__Activity__.
Copy down every line of the data that follows exactly. Omit the pictures.

====== Listed records ======

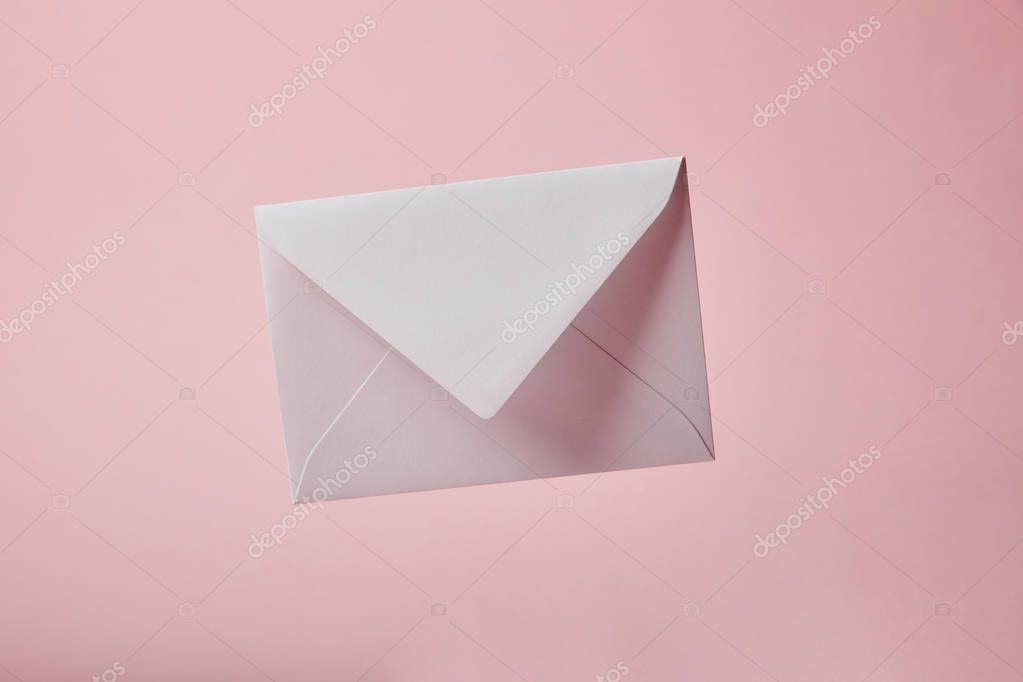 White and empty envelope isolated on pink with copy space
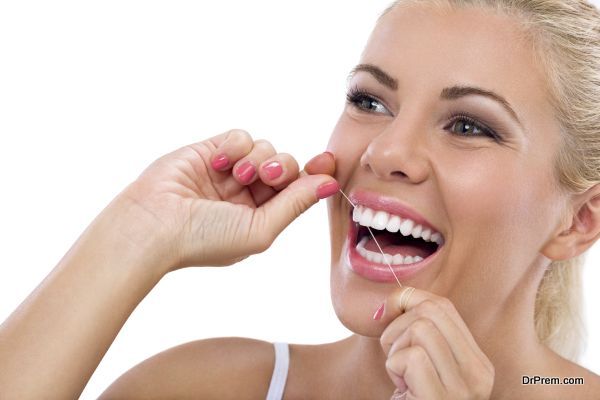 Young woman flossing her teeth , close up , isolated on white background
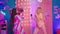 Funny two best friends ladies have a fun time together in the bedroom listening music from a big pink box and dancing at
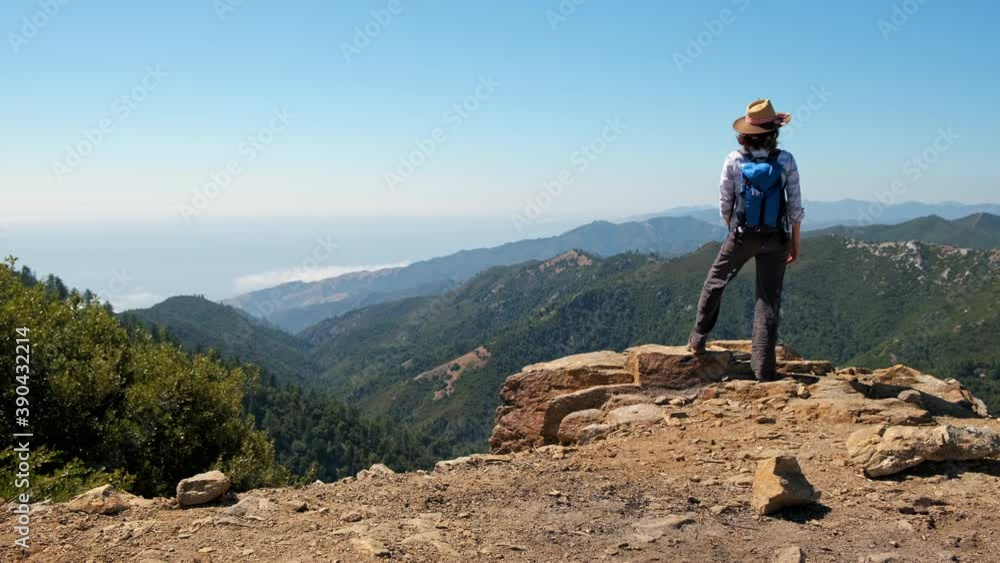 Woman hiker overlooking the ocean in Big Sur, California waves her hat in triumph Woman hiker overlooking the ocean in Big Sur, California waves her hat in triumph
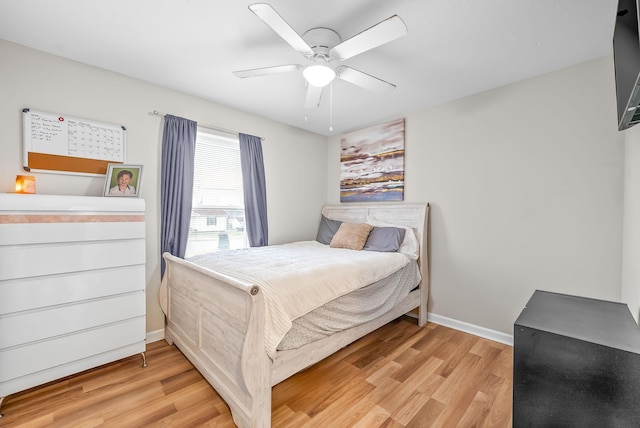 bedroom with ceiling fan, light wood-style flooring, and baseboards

======

__Task output__.
 White and empty envelope isolated on pink with copy space
 Young woman flossing her teeth , close up , isolated on white background
 Funny two best friends ladies have a fun time together in the bedroom listening music from a big pink box and dancing at
 Woman hiker overlooking the ocean in Big Sur, California waves her hat in triumph Woman hiker overlooking the ocean in Big Sur, California waves her hat in triumph
 bedroom with ceiling fan, light wood-style flooring, and baseboards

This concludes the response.